> _EXERCISE DIRECTIONS_
In the data below, find each line containing the string "image" and return it.
[Opening TASK DATA section]
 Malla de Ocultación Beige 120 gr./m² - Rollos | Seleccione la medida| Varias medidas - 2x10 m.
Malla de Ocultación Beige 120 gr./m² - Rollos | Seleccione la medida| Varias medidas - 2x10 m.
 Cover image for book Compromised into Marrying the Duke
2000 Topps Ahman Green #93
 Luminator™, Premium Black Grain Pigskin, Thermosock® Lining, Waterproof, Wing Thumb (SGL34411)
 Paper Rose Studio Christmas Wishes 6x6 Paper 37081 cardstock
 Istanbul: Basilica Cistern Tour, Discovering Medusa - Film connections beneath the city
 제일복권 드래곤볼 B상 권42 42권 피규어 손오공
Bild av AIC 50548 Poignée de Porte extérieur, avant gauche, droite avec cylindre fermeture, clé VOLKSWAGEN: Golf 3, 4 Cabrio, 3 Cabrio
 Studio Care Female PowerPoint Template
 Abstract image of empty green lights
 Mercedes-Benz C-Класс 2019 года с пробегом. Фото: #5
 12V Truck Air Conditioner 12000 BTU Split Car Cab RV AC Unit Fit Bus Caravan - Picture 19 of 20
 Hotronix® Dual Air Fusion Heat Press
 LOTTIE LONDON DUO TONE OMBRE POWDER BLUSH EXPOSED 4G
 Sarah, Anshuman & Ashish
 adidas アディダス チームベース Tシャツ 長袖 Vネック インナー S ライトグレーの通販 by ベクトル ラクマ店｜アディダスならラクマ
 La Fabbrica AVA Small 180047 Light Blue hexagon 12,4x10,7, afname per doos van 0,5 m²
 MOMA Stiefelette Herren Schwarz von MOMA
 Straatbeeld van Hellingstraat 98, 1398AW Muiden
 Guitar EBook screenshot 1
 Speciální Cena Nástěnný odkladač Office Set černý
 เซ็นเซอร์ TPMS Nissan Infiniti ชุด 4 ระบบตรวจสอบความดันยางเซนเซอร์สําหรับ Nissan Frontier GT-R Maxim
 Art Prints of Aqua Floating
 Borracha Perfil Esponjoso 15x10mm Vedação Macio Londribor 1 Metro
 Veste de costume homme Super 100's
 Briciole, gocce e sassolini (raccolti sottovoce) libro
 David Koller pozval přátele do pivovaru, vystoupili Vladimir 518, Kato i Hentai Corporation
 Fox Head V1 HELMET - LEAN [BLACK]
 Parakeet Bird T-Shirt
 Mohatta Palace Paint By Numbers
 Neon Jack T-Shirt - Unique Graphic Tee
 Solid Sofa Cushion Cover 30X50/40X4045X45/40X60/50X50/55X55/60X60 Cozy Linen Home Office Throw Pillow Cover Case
[Closing TASK DATA section]
> _PROBLEM SOLUTION_
 Cover image for book Compromised into Marrying the Duke
 Abstract image of empty green lights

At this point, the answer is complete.